▶ EXERCISE INSTRUCTIONS:
Reproduce this listing in full.
# # # # # # #
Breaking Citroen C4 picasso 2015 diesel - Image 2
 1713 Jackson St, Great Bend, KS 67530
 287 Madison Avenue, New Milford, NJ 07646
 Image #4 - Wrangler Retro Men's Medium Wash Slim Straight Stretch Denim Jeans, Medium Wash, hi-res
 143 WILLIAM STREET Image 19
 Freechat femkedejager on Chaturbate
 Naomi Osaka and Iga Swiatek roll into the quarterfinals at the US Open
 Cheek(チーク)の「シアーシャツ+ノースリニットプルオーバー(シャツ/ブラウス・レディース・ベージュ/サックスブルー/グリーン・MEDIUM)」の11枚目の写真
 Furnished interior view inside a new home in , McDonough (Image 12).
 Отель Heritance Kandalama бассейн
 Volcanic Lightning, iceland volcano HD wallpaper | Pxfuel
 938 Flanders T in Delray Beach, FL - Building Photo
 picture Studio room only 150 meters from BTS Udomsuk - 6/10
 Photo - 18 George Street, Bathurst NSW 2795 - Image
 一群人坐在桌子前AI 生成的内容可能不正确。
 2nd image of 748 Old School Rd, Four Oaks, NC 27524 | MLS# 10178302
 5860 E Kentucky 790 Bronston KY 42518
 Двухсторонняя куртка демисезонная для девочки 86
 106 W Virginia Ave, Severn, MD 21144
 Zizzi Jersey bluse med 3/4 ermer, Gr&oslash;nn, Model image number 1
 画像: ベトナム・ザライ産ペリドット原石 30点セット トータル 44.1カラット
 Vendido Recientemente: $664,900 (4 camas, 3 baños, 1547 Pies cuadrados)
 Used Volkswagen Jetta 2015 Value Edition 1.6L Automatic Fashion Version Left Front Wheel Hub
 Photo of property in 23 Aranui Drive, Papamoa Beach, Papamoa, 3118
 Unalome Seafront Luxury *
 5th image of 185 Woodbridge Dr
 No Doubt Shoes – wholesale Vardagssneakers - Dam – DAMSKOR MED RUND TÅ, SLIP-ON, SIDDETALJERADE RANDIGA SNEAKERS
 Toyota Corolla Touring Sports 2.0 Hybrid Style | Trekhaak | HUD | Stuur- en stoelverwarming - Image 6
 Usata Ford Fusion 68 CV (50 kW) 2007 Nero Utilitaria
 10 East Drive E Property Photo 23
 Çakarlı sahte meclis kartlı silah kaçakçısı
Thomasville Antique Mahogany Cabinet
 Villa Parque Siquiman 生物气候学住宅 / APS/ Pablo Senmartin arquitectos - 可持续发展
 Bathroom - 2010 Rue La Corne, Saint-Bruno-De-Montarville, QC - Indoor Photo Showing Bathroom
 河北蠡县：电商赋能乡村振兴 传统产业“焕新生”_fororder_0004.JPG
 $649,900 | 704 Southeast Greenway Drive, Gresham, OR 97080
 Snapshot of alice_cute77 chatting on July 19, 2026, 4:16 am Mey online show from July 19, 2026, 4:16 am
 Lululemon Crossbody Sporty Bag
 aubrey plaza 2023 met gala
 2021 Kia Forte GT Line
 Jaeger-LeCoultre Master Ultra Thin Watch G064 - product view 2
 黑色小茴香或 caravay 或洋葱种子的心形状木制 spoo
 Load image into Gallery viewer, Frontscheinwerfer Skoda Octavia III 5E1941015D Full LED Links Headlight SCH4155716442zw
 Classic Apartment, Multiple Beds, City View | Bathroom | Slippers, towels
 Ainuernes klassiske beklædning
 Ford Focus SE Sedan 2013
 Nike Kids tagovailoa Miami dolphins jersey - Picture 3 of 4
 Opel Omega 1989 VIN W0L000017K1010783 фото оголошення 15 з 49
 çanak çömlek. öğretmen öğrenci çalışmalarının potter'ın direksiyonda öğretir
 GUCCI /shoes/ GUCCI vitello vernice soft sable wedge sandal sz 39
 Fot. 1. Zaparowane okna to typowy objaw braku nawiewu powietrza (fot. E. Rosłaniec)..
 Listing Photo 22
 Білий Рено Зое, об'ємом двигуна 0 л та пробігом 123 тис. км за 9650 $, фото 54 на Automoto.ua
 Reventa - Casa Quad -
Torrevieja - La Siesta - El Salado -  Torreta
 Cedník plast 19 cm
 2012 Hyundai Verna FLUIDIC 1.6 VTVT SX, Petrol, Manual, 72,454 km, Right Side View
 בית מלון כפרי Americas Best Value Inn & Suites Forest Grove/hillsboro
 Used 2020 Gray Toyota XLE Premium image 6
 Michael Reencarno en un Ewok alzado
# # # # # # #
▶ FINISHED EXERCISE:
Breaking Citroen C4 picasso 2015 diesel - Image 2
 1713 Jackson St, Great Bend, KS 67530
 287 Madison Avenue, New Milford, NJ 07646
 Image #4 - Wrangler Retro Men's Medium Wash Slim Straight Stretch Denim Jeans, Medium Wash, hi-res
 143 WILLIAM STREET Image 19
 Freechat femkedejager on Chaturbate
 Naomi Osaka and Iga Swiatek roll into the quarterfinals at the US Open
 Cheek(チーク)の「シアーシャツ+ノースリニットプルオーバー(シャツ/ブラウス・レディース・ベージュ/サックスブルー/グリーン・MEDIUM)」の11枚目の写真
 Furnished interior view inside a new home in , McDonough (Image 12).
 Отель Heritance Kandalama бассейн
 Volcanic Lightning, iceland volcano HD wallpaper | Pxfuel
 938 Flanders T in Delray Beach, FL - Building Photo
 picture Studio room only 150 meters from BTS Udomsuk - 6/10
 Photo - 18 George Street, Bathurst NSW 2795 - Image
 一群人坐在桌子前AI 生成的内容可能不正确。
 2nd image of 748 Old School Rd, Four Oaks, NC 27524 | MLS# 10178302
 5860 E Kentucky 790 Bronston KY 42518
 Двухсторонняя куртка демисезонная для девочки 86
 106 W Virginia Ave, Severn, MD 21144
 Zizzi Jersey bluse med 3/4 ermer, Gr&oslash;nn, Model image number 1
 画像: ベトナム・ザライ産ペリドット原石 30点セット トータル 44.1カラット
 Vendido Recientemente: $664,900 (4 camas, 3 baños, 1547 Pies cuadrados)
 Used Volkswagen Jetta 2015 Value Edition 1.6L Automatic Fashion Version Left Front Wheel Hub
 Photo of property in 23 Aranui Drive, Papamoa Beach, Papamoa, 3118
 Unalome Seafront Luxury *
 5th image of 185 Woodbridge Dr
 No Doubt Shoes – wholesale Vardagssneakers - Dam – DAMSKOR MED RUND TÅ, SLIP-ON, SIDDETALJERADE RANDIGA SNEAKERS
 Toyota Corolla Touring Sports 2.0 Hybrid Style | Trekhaak | HUD | Stuur- en stoelverwarming - Image 6
 Usata Ford Fusion 68 CV (50 kW) 2007 Nero Utilitaria
 10 East Drive E Property Photo 23
 Çakarlı sahte meclis kartlı silah kaçakçısı
Thomasville Antique Mahogany Cabinet
 Villa Parque Siquiman 生物气候学住宅 / APS/ Pablo Senmartin arquitectos - 可持续发展
 Bathroom - 2010 Rue La Corne, Saint-Bruno-De-Montarville, QC - Indoor Photo Showing Bathroom
 河北蠡县：电商赋能乡村振兴 传统产业“焕新生”_fororder_0004.JPG
 $649,900 | 704 Southeast Greenway Drive, Gresham, OR 97080
 Snapshot of alice_cute77 chatting on July 19, 2026, 4:16 am Mey online show from July 19, 2026, 4:16 am
 Lululemon Crossbody Sporty Bag
 aubrey plaza 2023 met gala
 2021 Kia Forte GT Line
 Jaeger-LeCoultre Master Ultra Thin Watch G064 - product view 2
 黑色小茴香或 caravay 或洋葱种子的心形状木制 spoo
 Load image into Gallery viewer, Frontscheinwerfer Skoda Octavia III 5E1941015D Full LED Links Headlight SCH4155716442zw
 Classic Apartment, Multiple Beds, City View | Bathroom | Slippers, towels
 Ainuernes klassiske beklædning
 Ford Focus SE Sedan 2013
 Nike Kids tagovailoa Miami dolphins jersey - Picture 3 of 4
 Opel Omega 1989 VIN W0L000017K1010783 фото оголошення 15 з 49
 çanak çömlek. öğretmen öğrenci çalışmalarının potter'ın direksiyonda öğretir
 GUCCI /shoes/ GUCCI vitello vernice soft sable wedge sandal sz 39
 Fot. 1. Zaparowane okna to typowy objaw braku nawiewu powietrza (fot. E. Rosłaniec)..
 Listing Photo 22
 Білий Рено Зое, об'ємом двигуна 0 л та пробігом 123 тис. км за 9650 $, фото 54 на Automoto.ua
 Reventa - Casa Quad -
Torrevieja - La Siesta - El Salado -  Torreta
 Cedník plast 19 cm
 2012 Hyundai Verna FLUIDIC 1.6 VTVT SX, Petrol, Manual, 72,454 km, Right Side View
 בית מלון כפרי Americas Best Value Inn & Suites Forest Grove/hillsboro
 Used 2020 Gray Toyota XLE Premium image 6
 Michael Reencarno en un Ewok alzado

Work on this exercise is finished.